WORK ORDER —
Line by line, copy out the entries exactly and leave the pictures behind.

RECORDED INFORMATION —

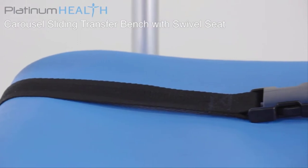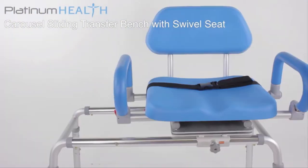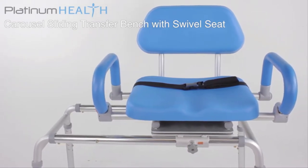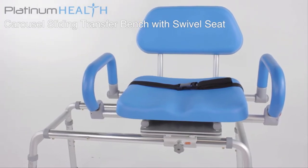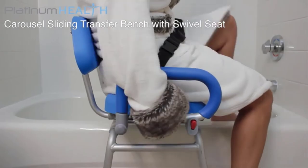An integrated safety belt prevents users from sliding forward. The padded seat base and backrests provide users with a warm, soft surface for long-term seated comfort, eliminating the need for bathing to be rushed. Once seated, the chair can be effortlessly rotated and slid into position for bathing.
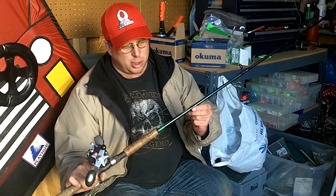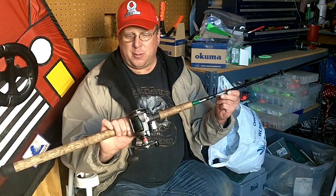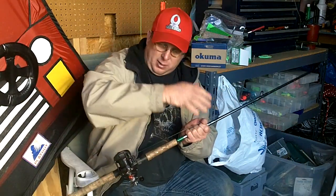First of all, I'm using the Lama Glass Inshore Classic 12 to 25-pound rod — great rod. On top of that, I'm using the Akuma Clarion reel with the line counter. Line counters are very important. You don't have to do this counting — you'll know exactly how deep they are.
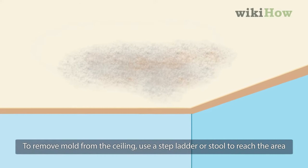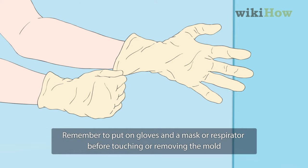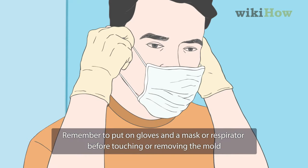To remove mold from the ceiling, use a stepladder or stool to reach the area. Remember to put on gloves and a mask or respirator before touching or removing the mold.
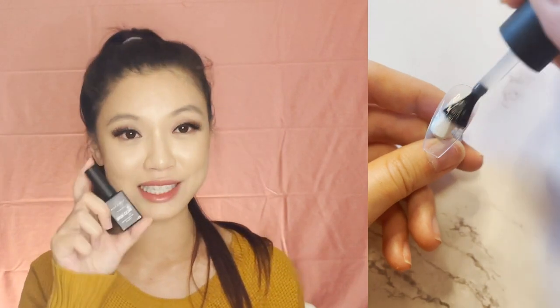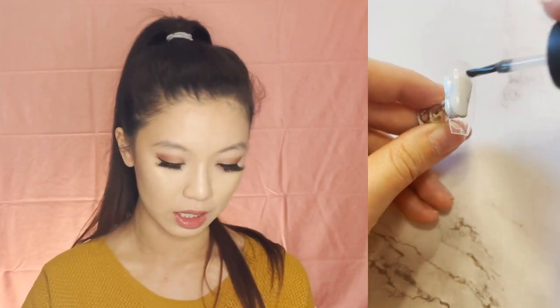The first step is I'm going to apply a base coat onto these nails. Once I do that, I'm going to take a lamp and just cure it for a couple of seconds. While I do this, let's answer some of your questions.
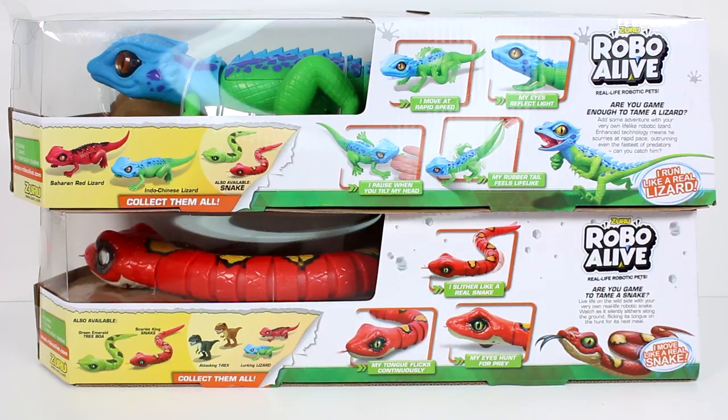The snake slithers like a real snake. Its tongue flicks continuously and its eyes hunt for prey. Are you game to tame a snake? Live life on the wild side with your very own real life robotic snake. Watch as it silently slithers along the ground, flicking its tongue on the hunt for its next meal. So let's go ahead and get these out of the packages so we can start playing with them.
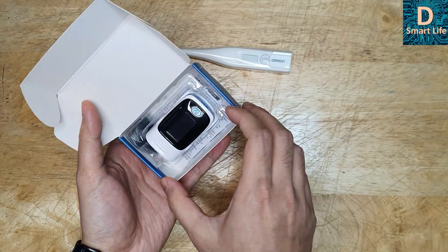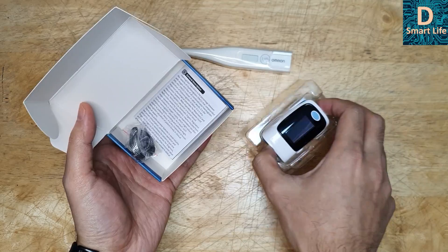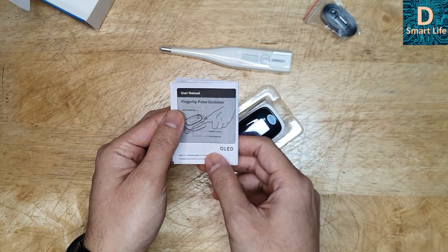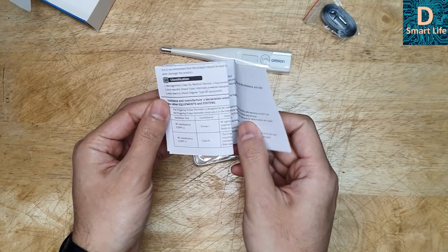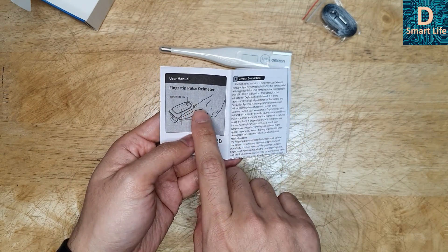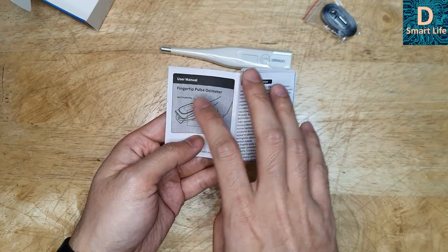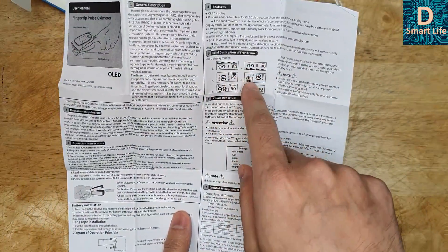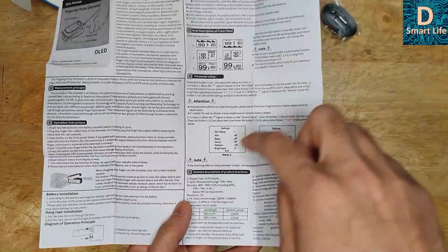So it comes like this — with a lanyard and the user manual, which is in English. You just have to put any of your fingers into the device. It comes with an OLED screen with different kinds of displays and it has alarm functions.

TASK ANSWER —
An integrated safety belt prevents users from sliding forward. The padded seat base and backrests provide users with a warm, soft surface for long-term seated comfort, eliminating the need for bathing to be rushed. Once seated, the chair can be effortlessly rotated and slid into position for bathing.
First of all, I'm using the Lama Glass Inshore Classic 12 to 25-pound rod — great rod. On top of that, I'm using the Akuma Clarion reel with the line counter. Line counters are very important. You don't have to do this counting — you'll know exactly how deep they are.
To remove mold from the ceiling, use a stepladder or stool to reach the area. Remember to put on gloves and a mask or respirator before touching or removing the mold.
The first step is I'm going to apply a base coat onto these nails. Once I do that, I'm going to take a lamp and just cure it for a couple of seconds. While I do this, let's answer some of your questions.
The snake slithers like a real snake. Its tongue flicks continuously and its eyes hunt for prey. Are you game to tame a snake? Live life on the wild side with your very own real life robotic snake. Watch as it silently slithers along the ground, flicking its tongue on the hunt for its next meal. So let's go ahead and get these out of the packages so we can start playing with them.
So it comes like this — with a lanyard and the user manual, which is in English. You just have to put any of your fingers into the device. It comes with an OLED screen with different kinds of displays and it has alarm functions.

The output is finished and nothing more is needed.